Michigan Capitol Building
Posted at 7:38 AM, Apr 22, 2021
and last updated 2021-04-22 07:38:17-04

LANSING, Mich. (AP) — New bipartisan ethics legislation in the Michigan House would require financial disclosures from lawmakers and top state officials and prohibit them from becoming lobbyists for two years after their tenure.

The bills, introduced Wednesday, are part of a broader package that supporters say is designed to boost transparency, heighten ethical standards and improve accountability. It is a top priority for leaders in both parties in coming weeks.

Some initiatives, such as opening the Legislature and governor's office to public-records requests and requiring a supermajority to pass legislation in postelection “lame-duck” sessions, were approved earlier this year and are pending in the Senate. Other bills are new, including a proposed requirement that money spent to lobby legislative and gubernatorial staff is disclosed.

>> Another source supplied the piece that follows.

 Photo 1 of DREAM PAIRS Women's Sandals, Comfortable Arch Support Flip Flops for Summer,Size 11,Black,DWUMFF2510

Republicans and Democrats in the GOP-led House also want to create legislative ethics committees and to authorize each chamber, with a two-thirds vote, to suspend the salary and expense allowance of a legislator who acts unethically or is excessively absent.

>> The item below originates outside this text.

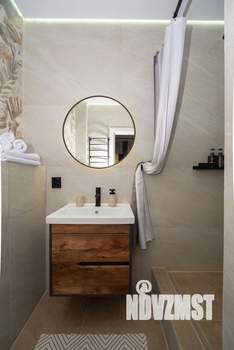 Студия квартира, на длительный срок, 28м2, 6/6 этаж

Michigan is one of just two states where lawmakers pass and reject laws without the public knowing about their personal finances. Other state elected officials do not have to file disclosures either, though governors typically voluntarily release portions of their tax returns while gubernatorial candidates in the last election voluntarily issued versions of financial disclosure statements.

Under the legislation, legislators and high-ranking executive branch officials would have to disclose their finances. But the forms would not be made public until they leave office. Instead, one of two ethics panels would have the information and keep tabs on potential conflicts of interest.

House Speaker Jason Wentworth, a Farwell Republican, said some current rules are “bizarre” and show why people are losing faith in government.

"We must do better and hold ourselves to a higher standard,” he said in a statement.

"The people are asked too often to simply trust that elected officials are acting in the public interest and holding themselves accountable. That’s a failed, unacceptable system,” said House Minority Leader Donna Lasinski, a Democrat from Washtenaw County's Scio Township.

It was not immediately clear how the bills, once passed, will fare in the GOP-controlled Senate. Abby Walls, spokeswoman for Senate Majority Leader Mike Shirkey, said he “is supportive of the idea that government should be accountable to citizens. We look forward to working through the legislative process.”

Shirkey in the past has expressed concern about some elements of the Freedom of Information Act bills and has opposed financial disclosure legislation.

But he told The Detroit News editorial board recently that a FOIA package is “very close” to being passed. He also said the financial disclosure proposal “has been crafted in a way that I think we can live with because I didn’t want that to get into your hands while people are serving and just give people a hard time over what their personal financial statements are.”